Слюна, желудочный и панкреатический соки, желчь, кишечный сок — все подвергнуто испытанию. Изучено значение и место каждого звена в длинной цепи воздействий, которым подвергается пища в кишечном канале.
Рефлексы, рефлексы, нескончаемый ряд связанных и переплетающихся между собой раздражений и ответов организма.

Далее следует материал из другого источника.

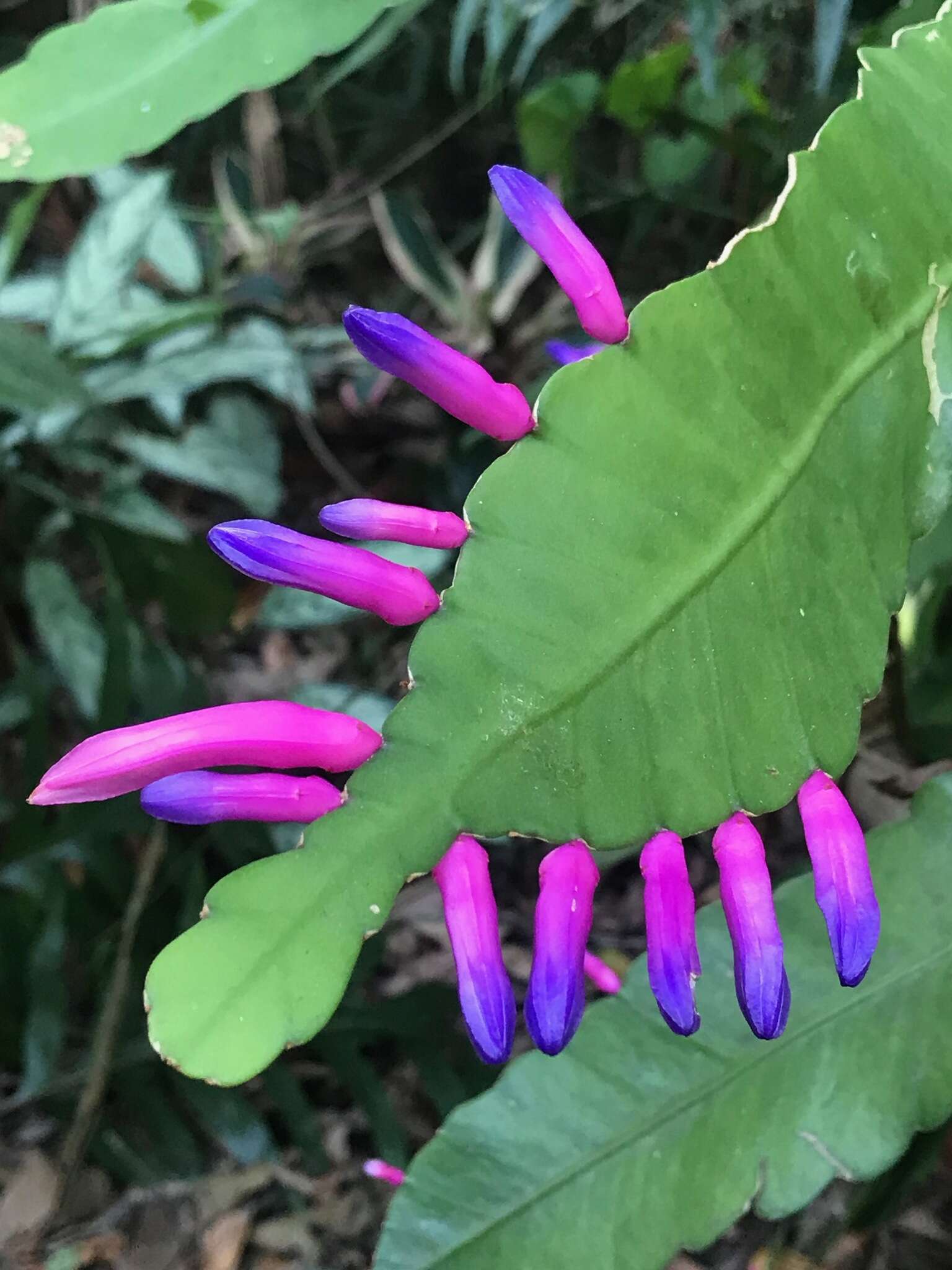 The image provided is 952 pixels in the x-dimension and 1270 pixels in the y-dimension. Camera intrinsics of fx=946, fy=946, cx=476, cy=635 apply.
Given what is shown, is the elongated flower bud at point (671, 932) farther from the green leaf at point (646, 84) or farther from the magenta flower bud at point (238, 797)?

Раздражения в полости рта. Раздражения стенки желудка. Раздражения первого отдела кишок, следующего за желудком, — он очень короткий, длина его всего двенадцать пальцев, поэтому его называют двенадцатиперстной кишкой. Сюда изливают свои соки поджелудочная железа и печень. Наконец, раздражения тонких кишок, где движется уже переваренная пища. И на все раздражения, которые вызывает в организме пища, идущая через пищеварительный канал, пищеварительные железы отвечают языком рефлексов — выделением пищеварительных соков.
Механическое раздражение чаще всего называли причиной отделения слюны.
«Нет, дело обстоит не так просто», — говорил Павлов.
Механическое раздражение желудка до сих пор еще изображается причиной работы желудочных желез. Это самое простое и понятное объяснение. Непосредственное, прямое раздражение органа и его ответ — чего же проще! Но в действительности разве так работают желудочные железы? Какое сложное устройство связывает их работу в единое целое со всей обработкой пищи, начиная с первого ее соприкосновения с окончаниями вкусовых нервов! Да нет, еще раньше, с момента, когда животное видит пищу и рвется к ней, охваченное могучим чувством голода — аппетита.